The seed for this idea has been planted; Berkeley Lab Staff Scientist Peter Zwart and his collaborators in CAMERA developed machine learning algorithms for segmentation. Through beamtime at Diamond and the ALS, the computing group is expanding the functionality and testing the robustness of the algorithms. “We’re replicating the experimental setup at different facilities as closely as possible,” Koepp said, “because different data processing steps, different exposure times, etc., could all potentially affect model performance.”
But, to take advantage of these algorithms, synchrotron users need to be able to access and use powerful computational infrastructure that can parse the many gigabytes, and even terabytes, of data.
User-friendly (and user-facility-friendly) computing for the future
The ALS can facilitate user access to computational infrastructure, like the NERSC supercomputing facility. But, the users still need a portal into NERSC and a simple interface that doesn’t require a background in coding.
The Computing group is addressing this need by developing a web interface for users as part of the MLExchange project. “We’re trying to give users access to fantastic hardware in web interfaces that are easy to use,” said Hexemer. “When they come for such a short beamtime, they won’t have to write code just to use the computational infrastructure,” he added.
McReynolds expanded upon the goals for the user experience. “We want to make it easy for the algorithm to interface with different beamline hardware,” he said. And so, after testing their tools at the DIAD beamline at Diamond Light Source with Ahmed, the Computing group returned to the ALS to perform the same scans on the same samples at Beamline 8.3.2 with Parkinson to test the robustness of their machine-learning model.

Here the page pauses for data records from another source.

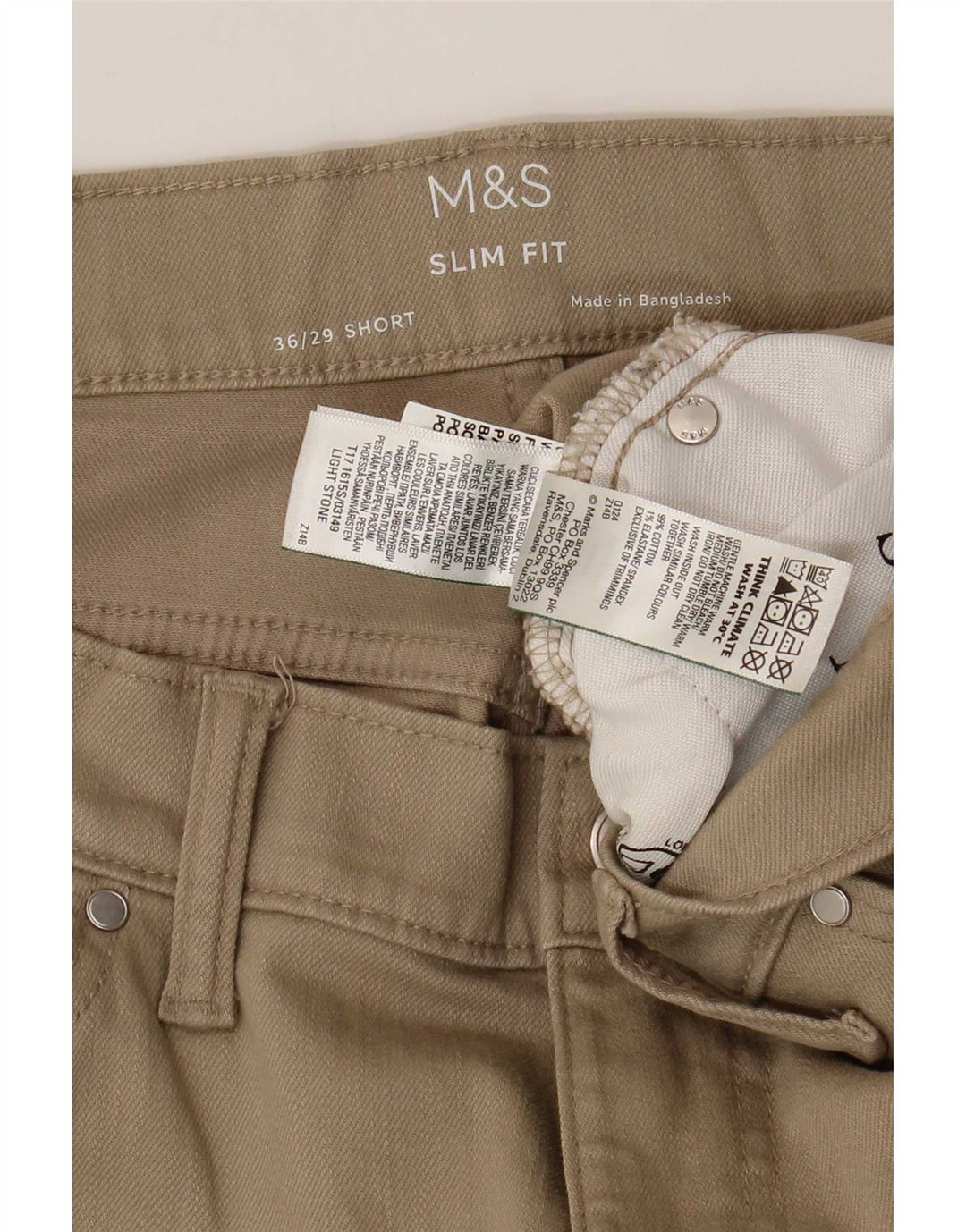 Blugi slim pentru bărbați Marks & Spencer W36 L29 bumbac bej
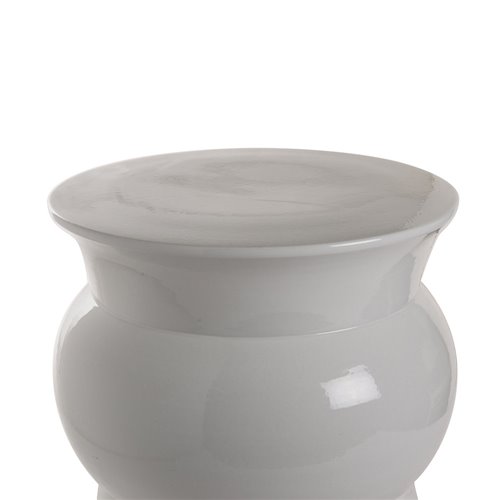 Stool in white porcelain round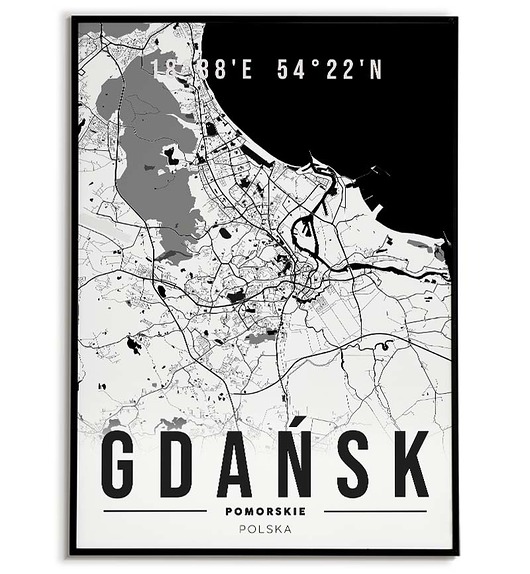 plakaty Plakat miasto POLSKA - GDAŃSK 3  obraz MAPA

The machine-learning models hold great potential to facilitate cross-facility learning, enabling more-efficient experiments. “If somebody scans sand and trains the network, somebody at another facility could use the same model to segment their sand, or maybe just fine tune their analysis instead of starting from scratch,” Hexemer explained.
The cross-facility learning is not limited to the machine learning models. In fact, these advances are made possible by people around the world all contributing different insights and experiences. The ALS Computing team, including Hexemer, Koepp, and McReynolds, as well as Tanny Chavez, Tibbers Hao, Raja Vyshnavi Sriramoju, and Xiaoya Chong, has been collaborating with Zwart at Berkeley Lab, Tim Snow and Jacob Filik at Diamond, and beamline scientists at ALS Beamlines 8.3.2 and 7.3.3, Diamond, and DESY. Much of their work is part of the MLExchange, which is a collaboration Hexemer leads with user facilities at SLAC, Oak Ridge, Argonne, and Brookhaven National Laboratories. This type of cross-facility learning delivers cross-facility results. “We want to make sure that all the pipelines we build can be easily taken somewhere else and used at other beamlines,” said Hexemer.
The ALS Computing group’s web interface will provide synchrotron users with real-time feedback and analysis capabilities at different beamlines around the world. Starting as a tool to resolve experimental bottlenecks, computing is evolving to become an essential building block for the experimental framework itself. In fact, Parkinson can already envision applications on a grand scale. “They’re taking a serious step toward providing a ‘digital twin’ of the sample, allowing users to really understand and simulate their experiments,” he said. With synchrotron data feeding into a machine-learning model, and a machine-learning model guiding data collection, all accessible to the end user, the future of synchrotron science is poised to answer questions at the limits of our imagination.